BEGIN Supplied records

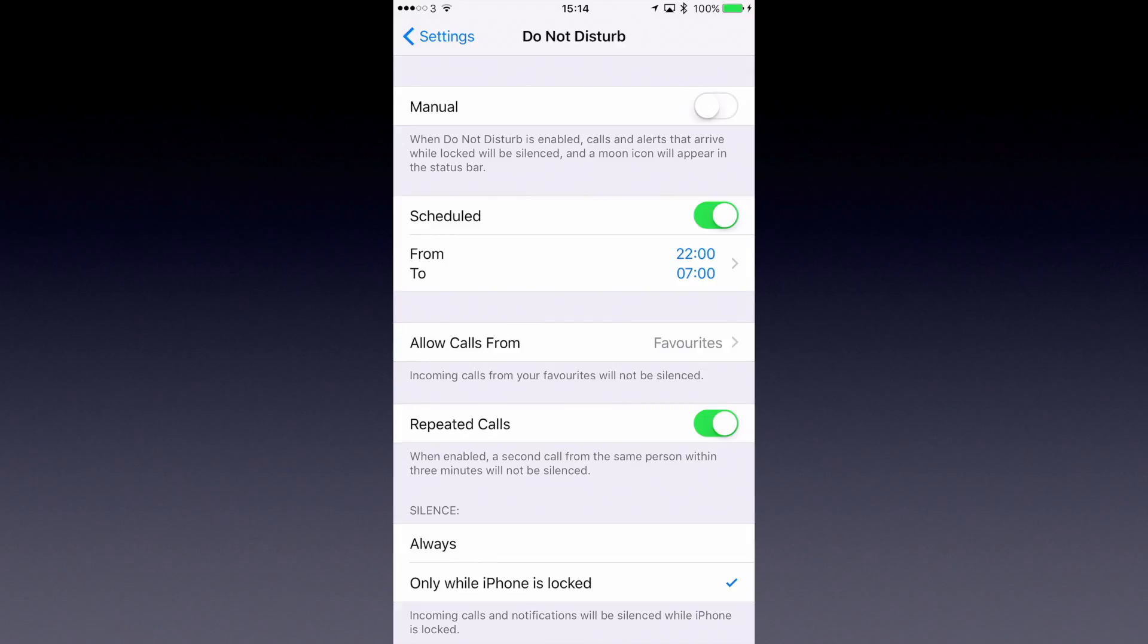You can also set up repeat calls. So if somebody who's not in your favorites list calls you and then if you see here, if they call within three minutes, that second call is not going to be silent.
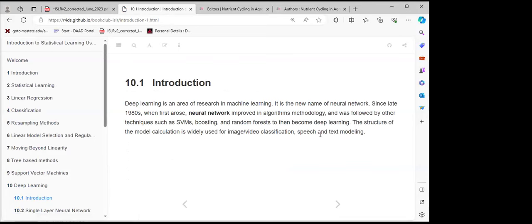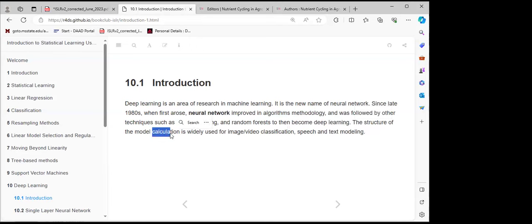In the introduction, the book explains that deep learning is a new name for neural networks, an area of machine learning research. Neural networks have existed since the 1980s, and over time, improved algorithms and methodologies emerged, followed by other techniques such as support vector machines, boosting, and random forests, which combined to produce what we know today as deep learning. The model structure is widely used for image and video classification, speech, and text modeling.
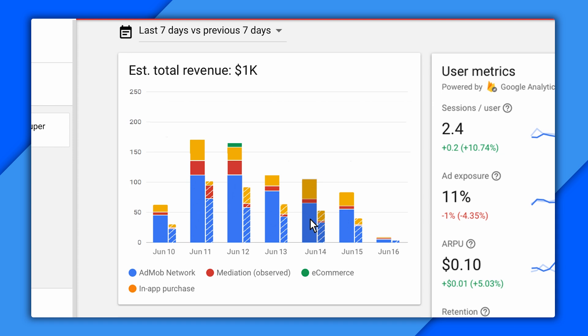So first you get a straight bar chart that shows you the revenue generated by your app, which doesn't seem like much, but notice these categories down here. That's not just ad revenue. By hooking into Firebase, AdMob is able to give you the big picture, including all the ways you're earning. So if you've got a game out there with in-app purchases and ads, you don't have to go bouncing around different consoles to get all the numbers. It's right there.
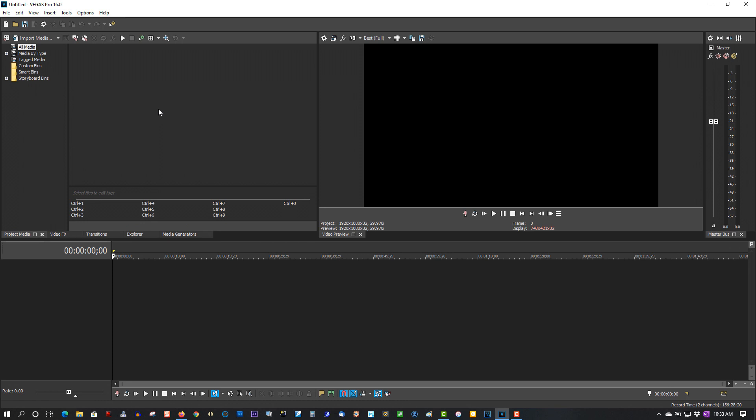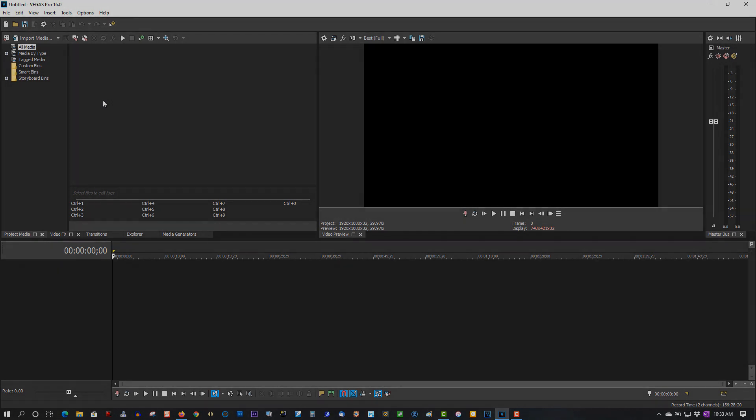They think something's wrong with Vegas, but it's not. What's happening is when you're editing, you're hitting this little X and closing the window out. So that's how to get them back. If you found this video helpful in any way, please give it a thumbs up, subscribe, and as always, thank you for watching.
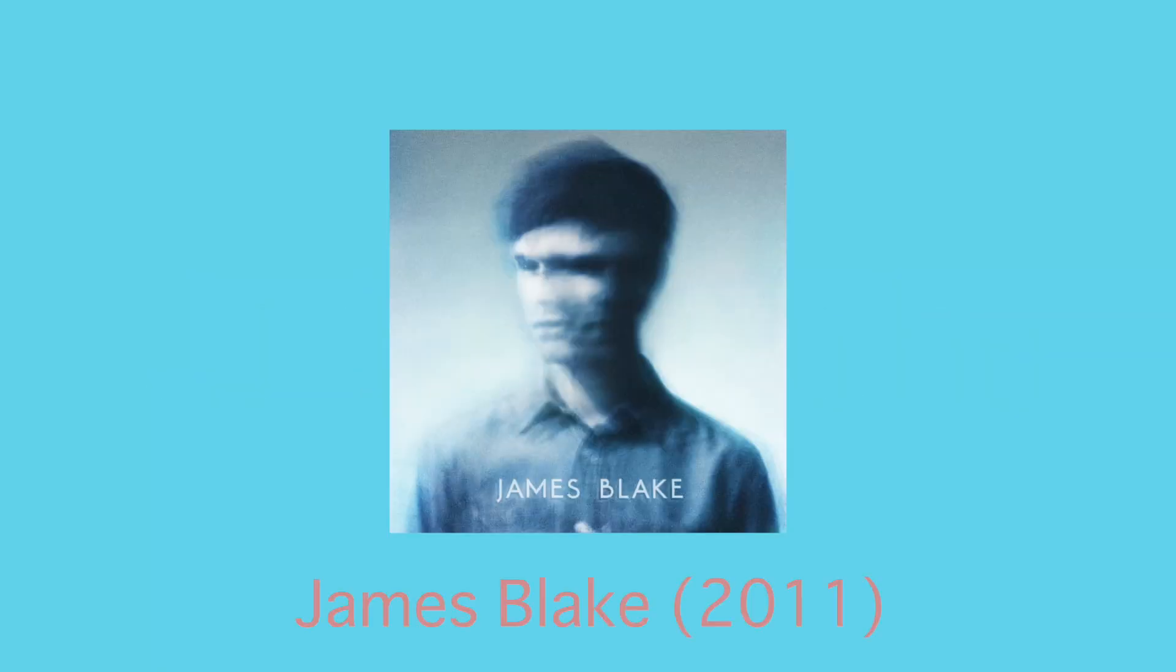The song you're listening to right now is James Blake's Unluck from his 2011 self-titled debut album. It's a beautiful song with a wonky groove, but the more you dig in and try to figure out what that groove is, the more surprises you'll find.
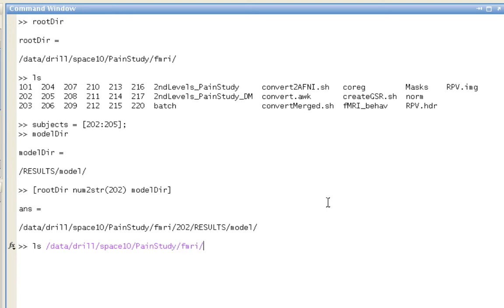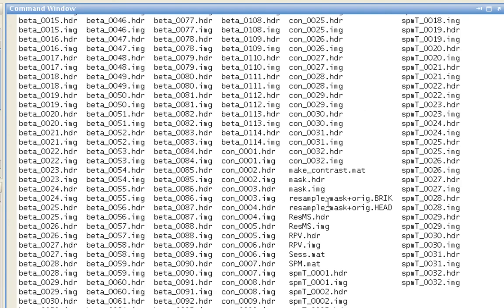Now just to show that I'm not lying to you, I type in that full path, and you see that these res.ms files are in that path.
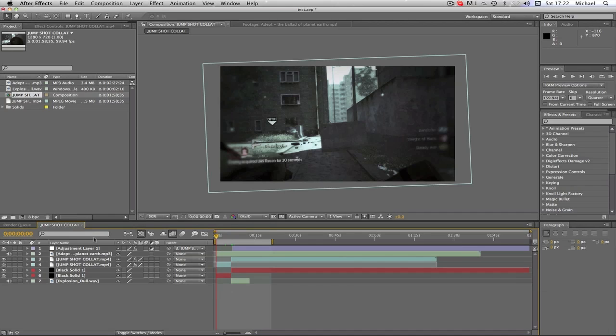Alright guys my name is Hafo and today we have a tutorial on After Effects. I'm sorry I haven't posted much over the last few weeks. It's nearly the summer holidays now in England so I will be posting hopefully a lot more.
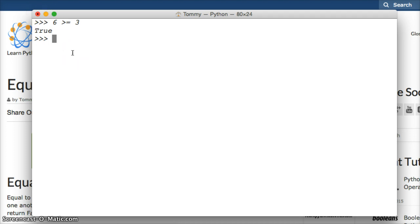How about is 3 greater than or equal to 3? Hit return. True. So it's equal to.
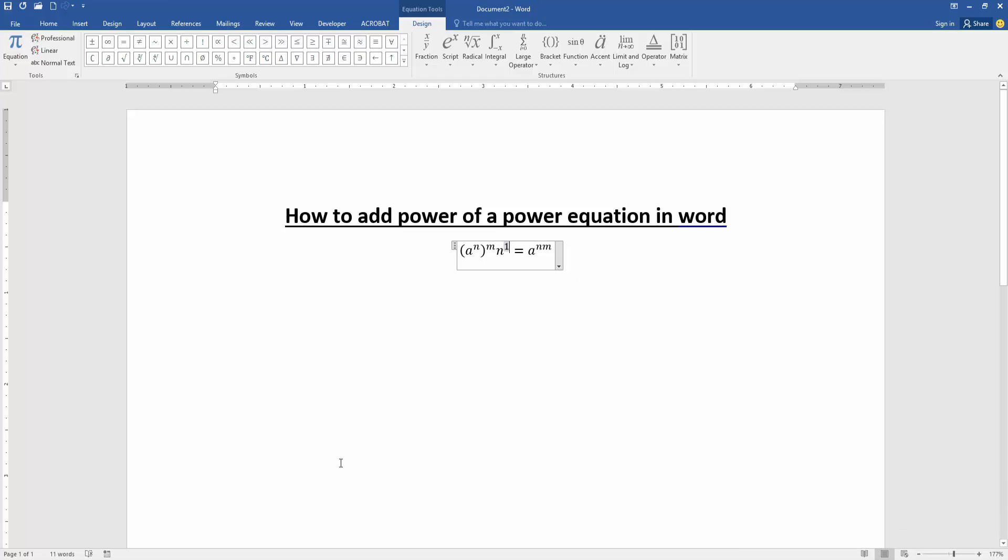Now we can see we've added and edited the power of a power equation very easily. I hope you enjoyed the video. Please like, comment, share, and subscribe to my channel. Thanks for watching!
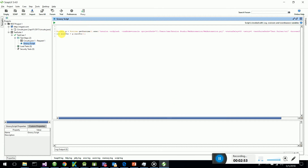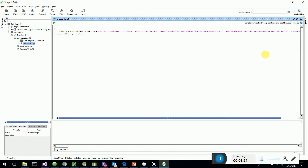I go back to SoapUI where I have added a Groovy script step. I have created an instance of the Process class in Groovy and I'm doing a Runtime.exec() call to execute the single-line command within the SoapUI Groovy step, waiting for the results. I'll execute it now and show you how to invoke the Katalon test suite from within SoapUI itself.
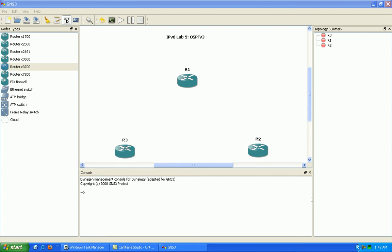Hello, my name is Steve Bowler and in this video I'm going to be configuring IPv6 OSPF version 3.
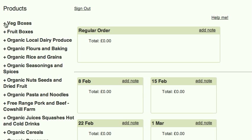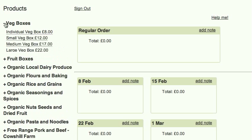To create your regular order, expand a product category and drag a product into your regular order.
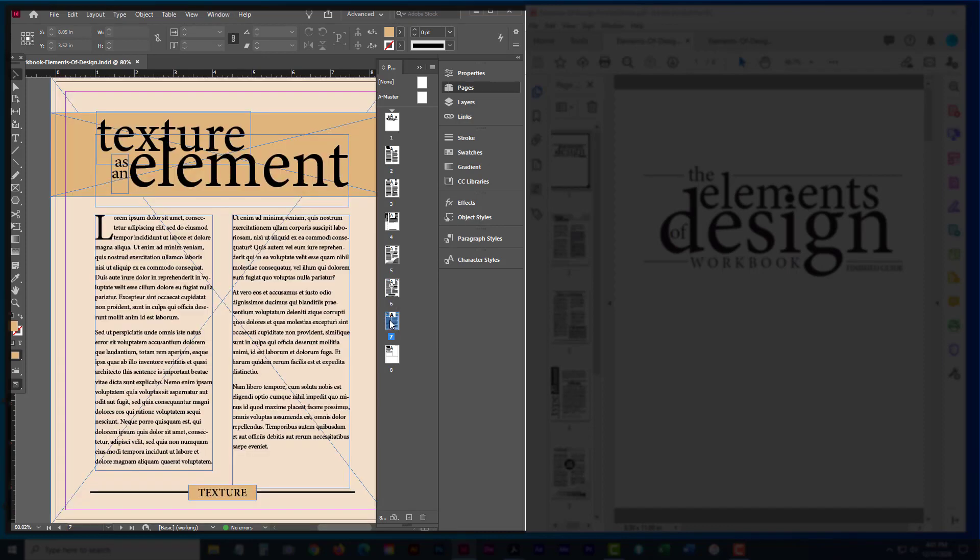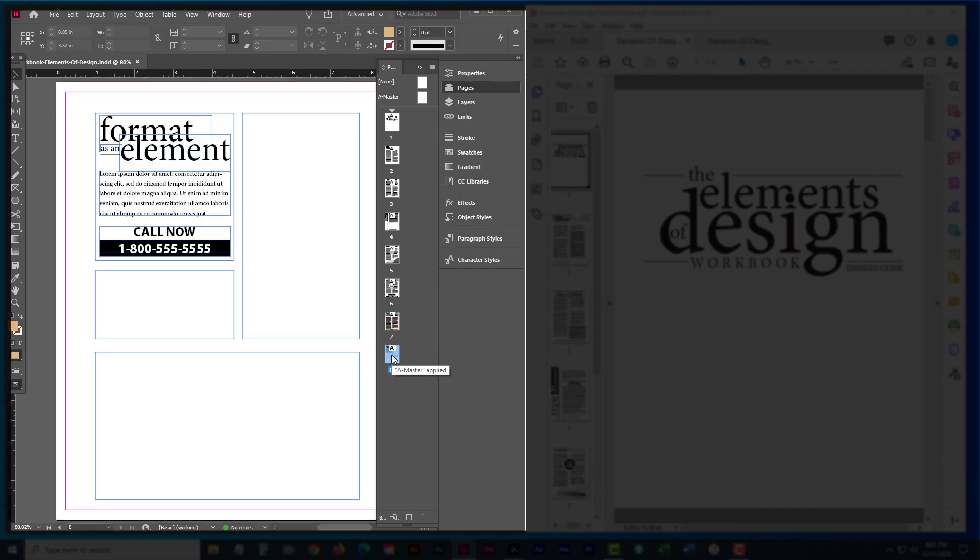For texture, you'll be adding two textures to the page. And finally for format, you'll be taking this out over here in the upper left corner and you'll be taking these elements and then rearranging them into these other boxes over here.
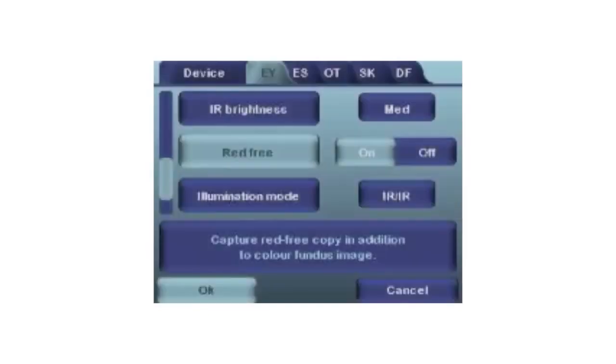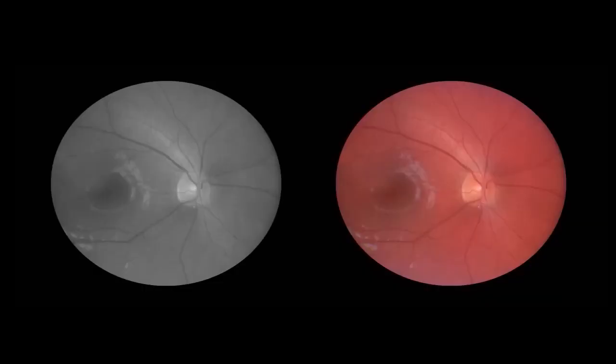With SmartScope, it is possible to capture red free images using the green channel. This is enabled in the EY menu. When activated, the camera will save two images for every picture taken: a red free image in addition to a standard color image.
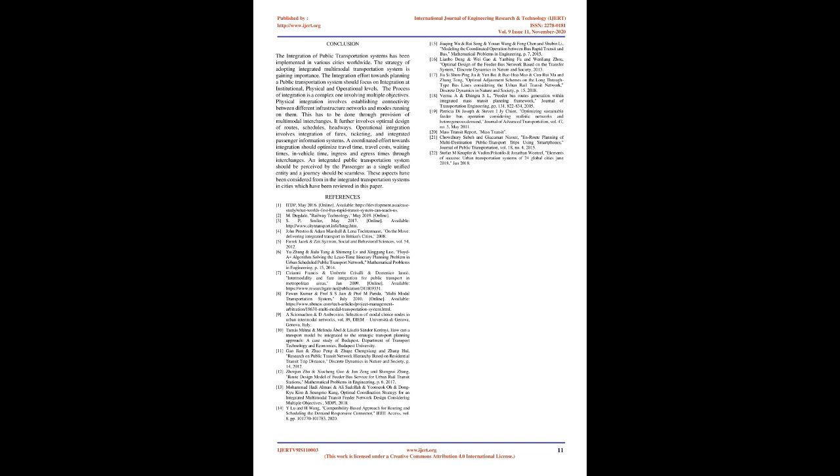Conclusion: The integration of public transportation systems has been implemented in various cities worldwide. The strategy of adopting integrated multimodal transportation system is gaining importance. The integration effort towards planning a public transportation system should focus on integration at institutional, physical, and operational levels. The process of integration is a complex one involving multiple objectives. Physical integration involves establishing connectivity between different infrastructure networks and modes running on them. This has to be done through provision of multimodal interchanges. It further involves optimal design of routes, schedules, headways. Operational integration involves integration of fares, ticketing, and integrated passenger information systems. A coordinated effort towards integration should optimize travel time, travel costs, waiting times, in-vehicle time, ingress and egress times through interchanges. An integrated public transportation system should be perceived by the passenger as a single unified entity and a journey should be seamless. These aspects have been considered in the integrated transportation systems in cities which have been reviewed in this paper.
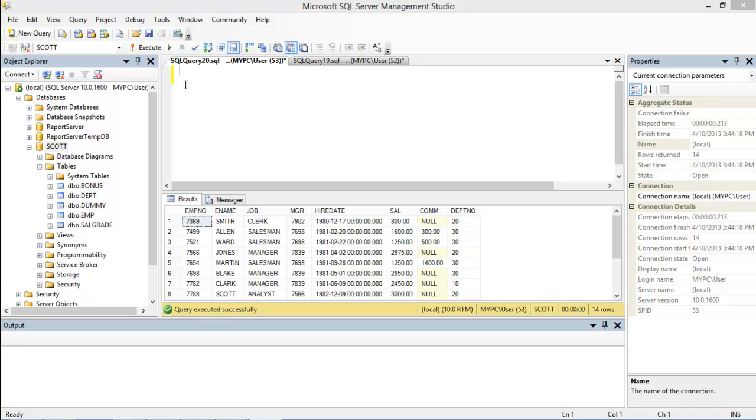In this tutorial we will guide you on how to use the HAVING clause in SQL. The HAVING clause is used in SQL queries to filter the records according to your requirements. Basically, this clause applies to the condition on a group which is created using the GROUP BY keyword.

END Supplied records

▶ Activity
Output the full listing verbatim, but drop the images.

▶ Result of this task
You can also set up repeat calls. So if somebody who's not in your favorites list calls you and then if you see here, if they call within three minutes, that second call is not going to be silent.
In the introduction, the book explains that deep learning is a new name for neural networks, an area of machine learning research. Neural networks have existed since the 1980s, and over time, improved algorithms and methodologies emerged, followed by other techniques such as support vector machines, boosting, and random forests, which combined to produce what we know today as deep learning. The model structure is widely used for image and video classification, speech, and text modeling.
So first you get a straight bar chart that shows you the revenue generated by your app, which doesn't seem like much, but notice these categories down here. That's not just ad revenue. By hooking into Firebase, AdMob is able to give you the big picture, including all the ways you're earning. So if you've got a game out there with in-app purchases and ads, you don't have to go bouncing around different consoles to get all the numbers. It's right there.
They think something's wrong with Vegas, but it's not. What's happening is when you're editing, you're hitting this little X and closing the window out. So that's how to get them back. If you found this video helpful in any way, please give it a thumbs up, subscribe, and as always, thank you for watching.
The song you're listening to right now is James Blake's Unluck from his 2011 self-titled debut album. It's a beautiful song with a wonky groove, but the more you dig in and try to figure out what that groove is, the more surprises you'll find.
Now just to show that I'm not lying to you, I type in that full path, and you see that these res.ms files are in that path.
Alright guys my name is Hafo and today we have a tutorial on After Effects. I'm sorry I haven't posted much over the last few weeks. It's nearly the summer holidays now in England so I will be posting hopefully a lot more.
How about is 3 greater than or equal to 3? Hit return. True. So it's equal to.
Now we can see we've added and edited the power of a power equation very easily. I hope you enjoyed the video. Please like, comment, share, and subscribe to my channel. Thanks for watching!
I go back to SoapUI where I have added a Groovy script step. I have created an instance of the Process class in Groovy and I'm doing a Runtime.exec() call to execute the single-line command within the SoapUI Groovy step, waiting for the results. I'll execute it now and show you how to invoke the Katalon test suite from within SoapUI itself.
Hello, my name is Steve Bowler and in this video I'm going to be configuring IPv6 OSPF version 3.
To create your regular order, expand a product category and drag a product into your regular order.
For texture, you'll be adding two textures to the page. And finally for format, you'll be taking this out over here in the upper left corner and you'll be taking these elements and then rearranging them into these other boxes over here.
With SmartScope, it is possible to capture red free images using the green channel. This is enabled in the EY menu. When activated, the camera will save two images for every picture taken: a red free image in addition to a standard color image.
Conclusion: The integration of public transportation systems has been implemented in various cities worldwide. The strategy of adopting integrated multimodal transportation system is gaining importance. The integration effort towards planning a public transportation system should focus on integration at institutional, physical, and operational levels. The process of integration is a complex one involving multiple objectives. Physical integration involves establishing connectivity between different infrastructure networks and modes running on them. This has to be done through provision of multimodal interchanges. It further involves optimal design of routes, schedules, headways. Operational integration involves integration of fares, ticketing, and integrated passenger information systems. A coordinated effort towards integration should optimize travel time, travel costs, waiting times, in-vehicle time, ingress and egress times through interchanges. An integrated public transportation system should be perceived by the passenger as a single unified entity and a journey should be seamless. These aspects have been considered in the integrated transportation systems in cities which have been reviewed in this paper.
In this tutorial we will guide you on how to use the HAVING clause in SQL. The HAVING clause is used in SQL queries to filter the records according to your requirements. Basically, this clause applies to the condition on a group which is created using the GROUP BY keyword.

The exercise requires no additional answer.